Lib Dems hit new poll low
by Peter Wozniak
A YouGov daily tracker poll has support for the Liberal Democrats plumbing a new low of 11%.
The poll, which has the Conservatives sitting on a five point lead over Labour at 43 to 38, remains broadly consistent with the recent polling for the Lib Dems, but that will not be a cause for celebration at the party’s Cowley Street HQ.
The Lib Dems have seen a steady plummet in their poll ratings since the general election, where they garnered twenty-three per cent of the vote.

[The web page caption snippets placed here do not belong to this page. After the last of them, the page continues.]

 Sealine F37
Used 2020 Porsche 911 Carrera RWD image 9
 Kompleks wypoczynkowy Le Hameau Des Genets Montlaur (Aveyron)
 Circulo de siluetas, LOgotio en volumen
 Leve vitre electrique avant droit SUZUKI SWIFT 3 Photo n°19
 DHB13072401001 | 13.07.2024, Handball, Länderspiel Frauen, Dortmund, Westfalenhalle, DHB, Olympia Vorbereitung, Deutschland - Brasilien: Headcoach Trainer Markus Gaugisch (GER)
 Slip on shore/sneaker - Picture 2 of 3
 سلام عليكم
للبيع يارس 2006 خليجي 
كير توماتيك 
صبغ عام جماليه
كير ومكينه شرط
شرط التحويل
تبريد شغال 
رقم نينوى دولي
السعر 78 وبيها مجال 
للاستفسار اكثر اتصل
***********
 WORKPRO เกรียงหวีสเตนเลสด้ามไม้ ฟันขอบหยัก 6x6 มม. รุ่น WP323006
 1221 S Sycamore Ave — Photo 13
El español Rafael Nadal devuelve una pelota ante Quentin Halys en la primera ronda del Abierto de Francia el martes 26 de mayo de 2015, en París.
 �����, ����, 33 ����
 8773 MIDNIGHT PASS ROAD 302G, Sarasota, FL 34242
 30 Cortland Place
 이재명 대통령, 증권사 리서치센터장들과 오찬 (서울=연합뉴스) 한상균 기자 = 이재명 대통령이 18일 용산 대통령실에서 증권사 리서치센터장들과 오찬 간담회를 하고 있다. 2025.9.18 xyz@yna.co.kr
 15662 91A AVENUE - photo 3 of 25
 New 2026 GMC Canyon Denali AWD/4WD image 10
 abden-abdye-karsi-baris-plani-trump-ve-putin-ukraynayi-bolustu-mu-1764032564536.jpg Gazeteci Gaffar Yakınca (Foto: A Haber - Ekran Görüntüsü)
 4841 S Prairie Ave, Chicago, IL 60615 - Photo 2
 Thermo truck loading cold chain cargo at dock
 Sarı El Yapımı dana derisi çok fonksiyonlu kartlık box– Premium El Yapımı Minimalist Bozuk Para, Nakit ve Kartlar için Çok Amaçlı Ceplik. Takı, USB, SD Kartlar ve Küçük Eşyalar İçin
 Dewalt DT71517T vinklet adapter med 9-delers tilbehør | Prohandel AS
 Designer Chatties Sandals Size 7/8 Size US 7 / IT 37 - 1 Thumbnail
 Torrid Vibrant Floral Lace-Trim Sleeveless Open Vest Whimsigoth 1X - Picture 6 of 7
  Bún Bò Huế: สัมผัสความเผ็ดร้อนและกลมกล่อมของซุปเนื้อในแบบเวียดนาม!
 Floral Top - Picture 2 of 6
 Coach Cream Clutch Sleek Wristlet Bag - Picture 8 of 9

The new poll will not be a cause for immediate panic given it remains within the margin of error of Yougov’s recent polls, but its symbolic quality as the lowest rating for the party since before Nick Clegg became leader in 2007 will add to the growing atmosphere of anxiety.
The party’s conference this month is likely to be the focal point for Lib Dem discontent over the coalition with the Conservatives, with fears that Lib Dem policy is being subsumed beneath the weight of Tory influence.
Nick Clegg himself remains popular with party members, as the first Liberal leader to crowbar his party into government in nearly a century, as suggested by a recent poll for the Liberal Democrat Voice blog.
However, the sliding poll ratings will be a cause of concern for many within the party, as they have one eye on important local elections next year, and will look to arrest the decline in support before then.
Signs of open discontent at the party conference would spell troubling times for the coalition government, though the Lib Dems have a vested interest in postponing a new general election as long as possible.
The rating of 11%, if replicated on a uniform national swing, would leave the party with less than a dozen seats in the House of Commons.